Monday, March 01, 2010
BASICS OF PA BEHAVIOR
REMEMBERING THE BASIC DINAMICS OF PASSIVE AGGRESSION
If there is a lot of hidden aggression in his interactions with you, and you don't see it coming, you will be presented with some painful situations.
You can have your loved one:
• Eternally making excuses to avoid his routine family obligations;
• Performing a task so slowly and inefficiently that you decide to do it;
• Always complaining of being unappreciated while doing less and less;
• Showing a permanent pessimistic mood, even when all is going well;
• Making attempts at humor mixed with hurtful put downs and sarcasm toward you;
• Agree with you in private, then go out and side with others against you.
If passive-aggression is “crazy-making behavior,” which is its target? Of course it is your self-esteem! You, the perplexed person on the receiving end, already engaged with a passive aggressive husband or boyfriend, who doesn't know if she is loved or hated or both at the same time.....
You are so confused by his double message, (the contradiction between what he says and what he does), that you feel like screaming while he remains calm.
Women are supposed to use low voices and avoid shouting, and if you do, it suddenly seems like you are the aggressor!!! After several episodes of this routine, you end up believing this yourself. Then you are ready to apologize to him to end the discussion, and recover some peace....

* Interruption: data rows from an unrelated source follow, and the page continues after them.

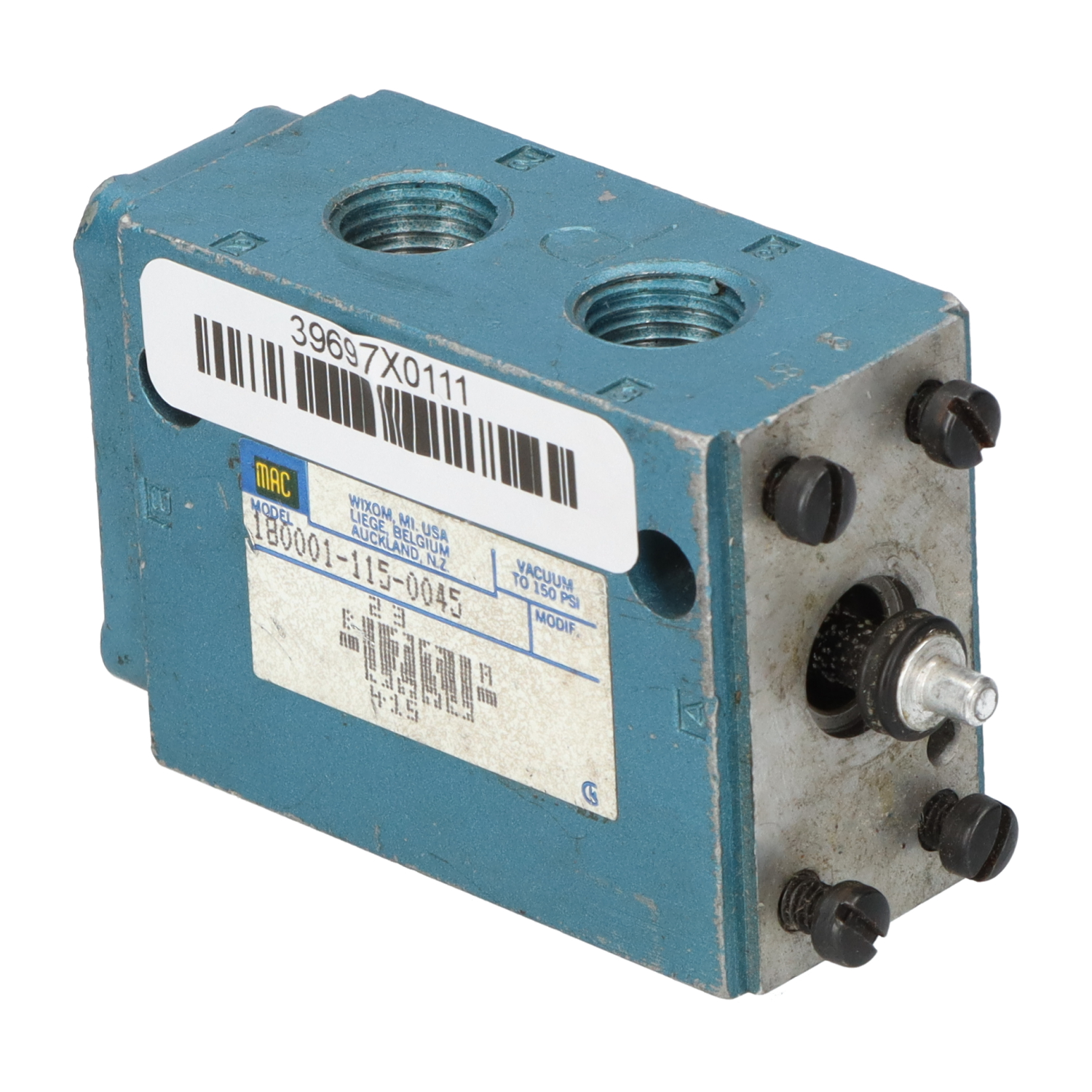 Neutral 180001-115-0045 Solenoid Valve Used UMP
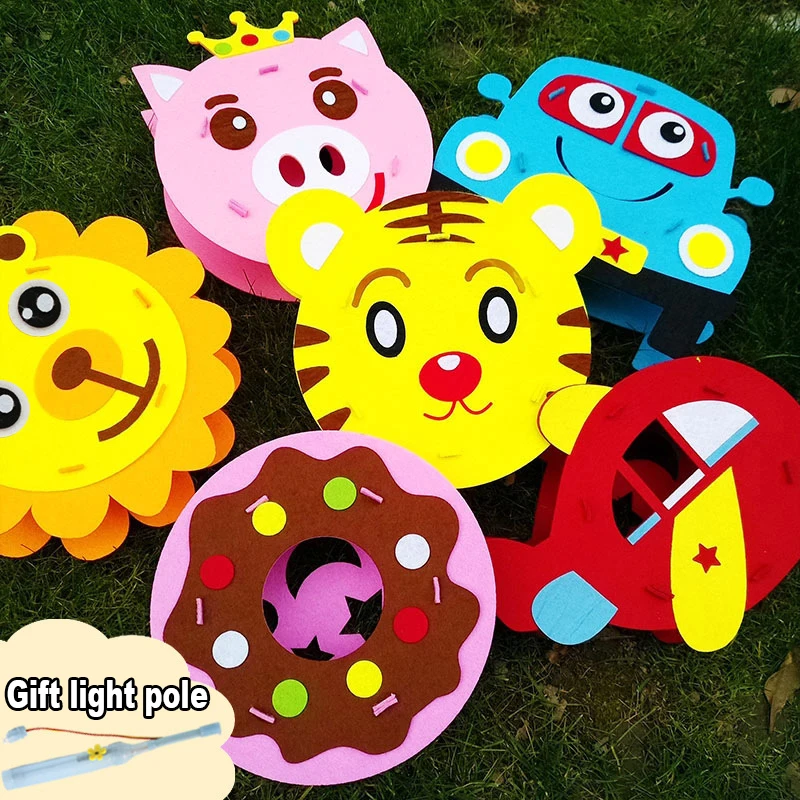 Детский сад много художественных поделок diy игрушки головоломки фонарики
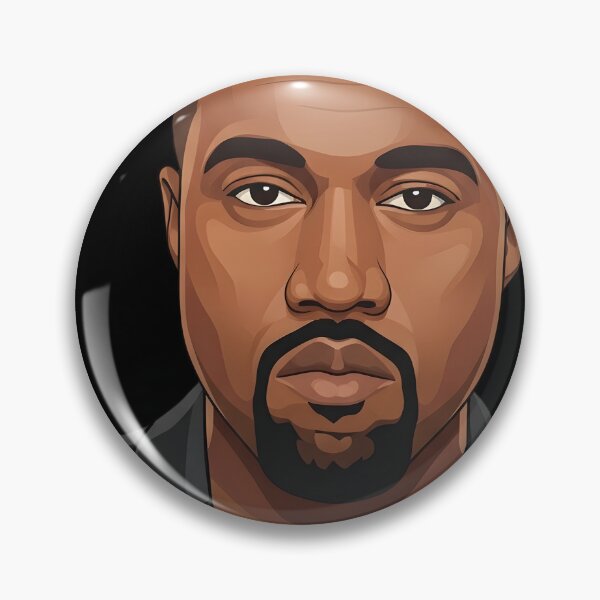 Item preview, Kanye West Vector Illustration designed and sold by Boruto1231.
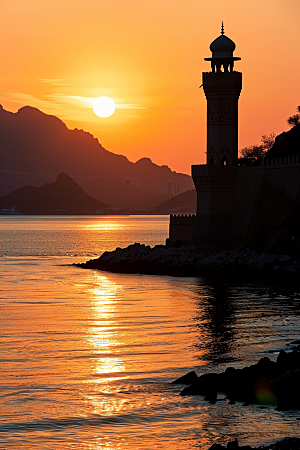 落日风光夕阳美景素材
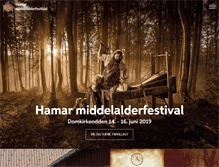 Tablet Screenshot of middelalderfestival.no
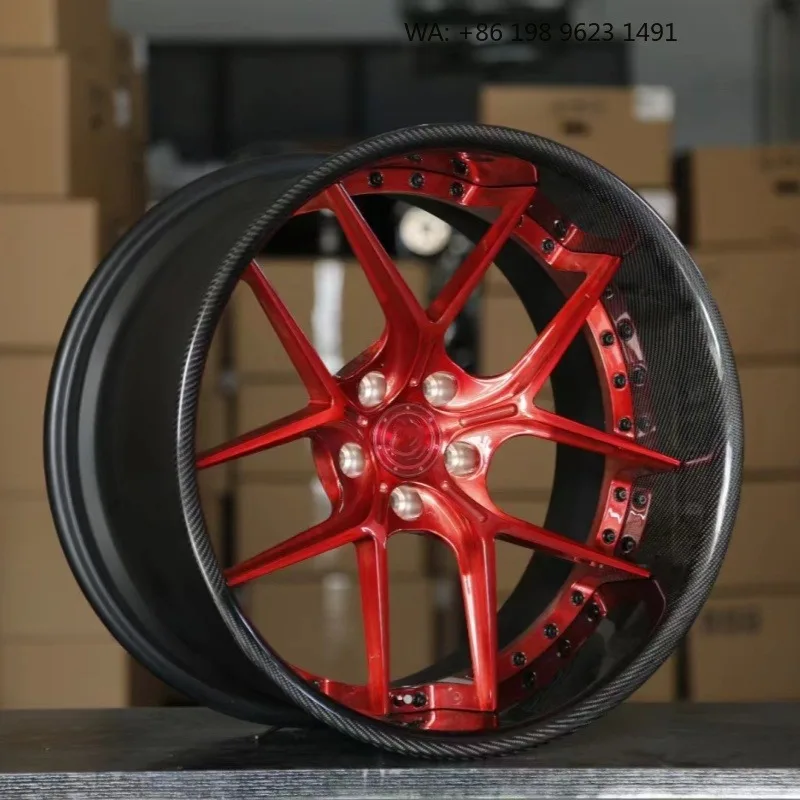 High-end customized deep concave forged alloy wheel hub, multi-inch single-piece sport rims, 5×3 PCD, gold polished finish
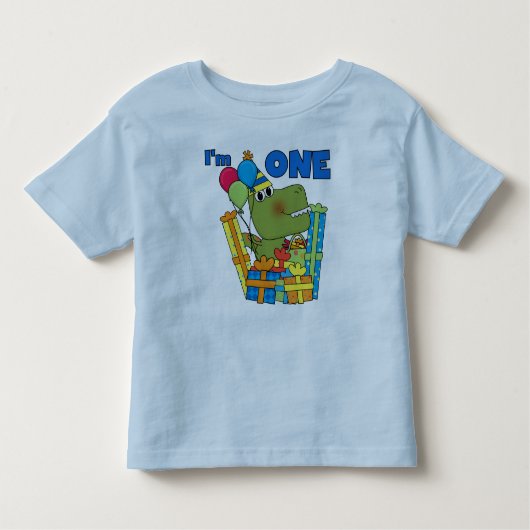 Little Dino 1st Birthday T shirten en geschenken Kinder Shirts (Voorkant)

The combined impact of these two behaviors will eventually wreck your relationship. Passive-aggression played in earnest, as if you were his enemy and not his partner, will eventually cripple any relationship, and especially an intimate one, where both have to trust and depend on each other to be safe and prosper.
If he continues the denial of his feelings of affection and connection with you, he will prevent the development of true intimacy and trust. Now, you are alone, because who wants to live with a person they can’t trust?